German stocks fell for a sixth day, their longest losing streak since November 2011, amid disappointing earnings statements from some of the nation’s largest companies. What was kept away from the media once again was the “flash crash” that sent the DAX down 180 points in just minutes. You can thank High Frequency Trading for that.
Why is that important to us?
American companies rely more than ever on their overseas markets. When the world struggles, the profits and earnings for American corporations will shrink.
Apple*, America’s poster child, broke the ‘magic’ $400 level last week for the first time in 16 months. That means Apple is down 43.5% from its ‘generational high,’ and anyone who bought the stock in 2012 is now fully submerged underwater…
(*After decades of Windows, I’ve finally made the switch over to Apple’s MacBook Pro…Gotta say I am impressed.)
|Courtesy: Apple Inc.|
Fear and Bull Markets: Not a Good Combination
I called for the S&P to rise past 1500 last year based on fundamentals (mainly cost cutting and increasing margins) combined with the Fed’s ability to artificially inflate asset prices. But the market is now at record levels – all in the midst of a struggling global economy.
The markets don’t always reflect the health of the economy, but it has historically given us a look into a future that is often 6-12 months forward. However, if the future doesn’t look as bright, the market can turn very quickly in order to establish that crystal ball. And the ball may no longer be as clear as history once taught us.
A Robots Game
The collective wisdom of investors that used to help gauge the sentiment of the economy based on expectations built into stock prices is no longer accurate.
Thanks to the power of manipulation.
Manipulation comes in many forms: it comes from the media’s ability to brainwash (people really do believe everything they see on TV); High Frequency Trading (HFT); Algorithmic Trading software; and government intervention in the open market. Their combination of can easily send markets to new highs without reason.
Examples of manipulation are evident every day.
Earlier in the week, both the S&P and the Dow were clearly breaking lower. But in the next day of trading, the software programs were ignited and the markets moved higher on very little support and volume, showing us that it’s not the retail market moving stocks up.
I can also tell you that there is something fishy going on in the Canadian markets, whereby stocks are forced downward by at least one of the major Canadian banks. It is blatantly manipulative and I will be working hard to uncover this story in the future.
A Broken Crystal Ball
The market’s ability to predict our future is no longer clear. It has been a year of straight gains in the market but we have yet to see any growth.
Since the Fed’s record breaking monetary injections five years ago, America has yet to see any real signs of growth. Period.

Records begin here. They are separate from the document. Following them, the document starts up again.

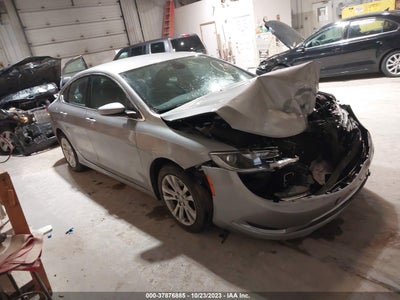 2015 CHRYSLER 200 VIN: 1C3CCCABXFN579813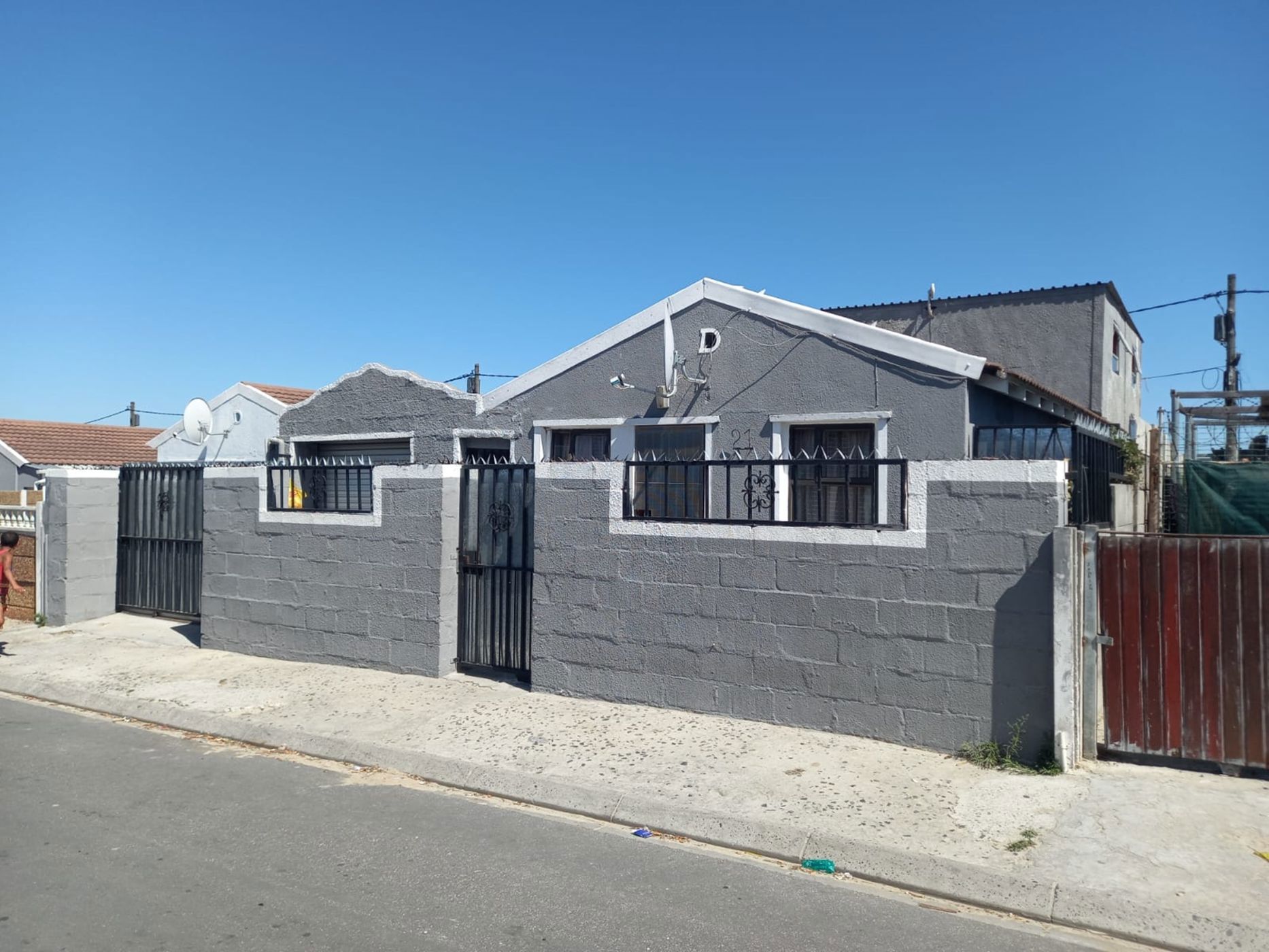 5 Bedroom House For Sale Delft Voorbrug 1AH1636722 Pam Golding Properties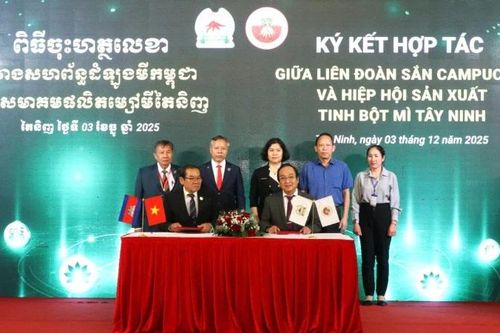 Tây Ninh tăng cường thương mại song phương với Campuchia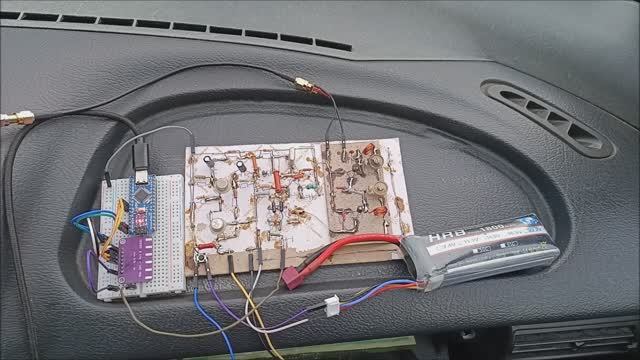 Маломощный ЧМ передатчик двухметрового диапазона.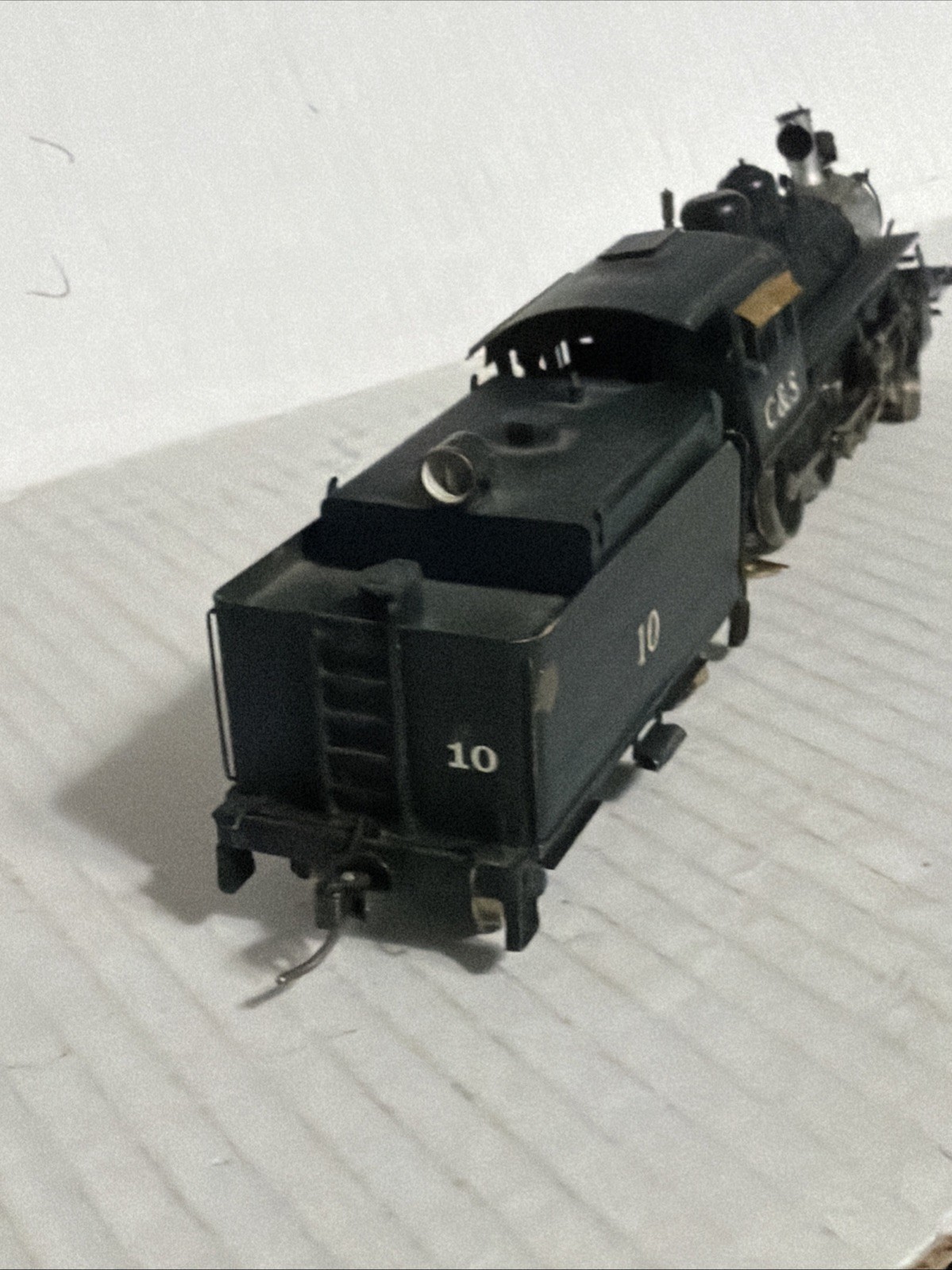 HO 4-6-0 STEAM LOCOMOTIVE, PAINTED, & DETAILED RTR.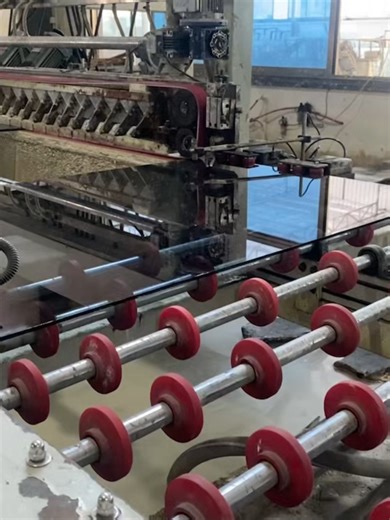 We specialize in advanced glass processing, including cutting, tempering, and lamination, providing precise customized solutions. Our glass products, combining strength and aesthetics, help you realize your design creativity and safety commitments.#glass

Just take a look at the featured video I posted this week, where Bespoke Investment Group’s Paul Hickey and Bloomberg’s Adam Johnson talk about what the Fed has accomplished through a simple chart.
The Turn of Something Big
The market may move higher, but don’t believe this bull will continue for much longer – especially with the amount of terror that is beginning to spread across America. Bull markets, war, and fear don’t mix. Goldman Sachs’ chief economist, Jan Hatzius, has been calling for a strong recovery since 2010.
And for the last three years, he’s had to revise many of those statements: His recent report showed no different, stating that the U.S. is still on a sluggish growth trend: “If real income grows 2-1/2%, this would mean real consumption growth of 1% to 1-1/2%. Combined with the likely weakness in federal spending, slow consumption growth would make it difficult for real GDP to grow much more than 2%, even if homebuilding and business investment continue to grow at healthy rates, as we expect. This reinforces our view that GDP growth in 2013 will still be relatively sluggish, with only a modest pickup late in the year.”
Bank of America’s Hans Mikkselsen also agreed:
…The current slowdown in the economy is clearly worse than expected at this stage…Moreover, on top of surprising domestic weakness we are faced with a number of important external risks such as those emanating from North Korea and Europe. Thus if stocks and credit are counting on the economy to pull through the near-term challenges they must believe strongly in an underlying more independent source of growth – such as the housing market recovery.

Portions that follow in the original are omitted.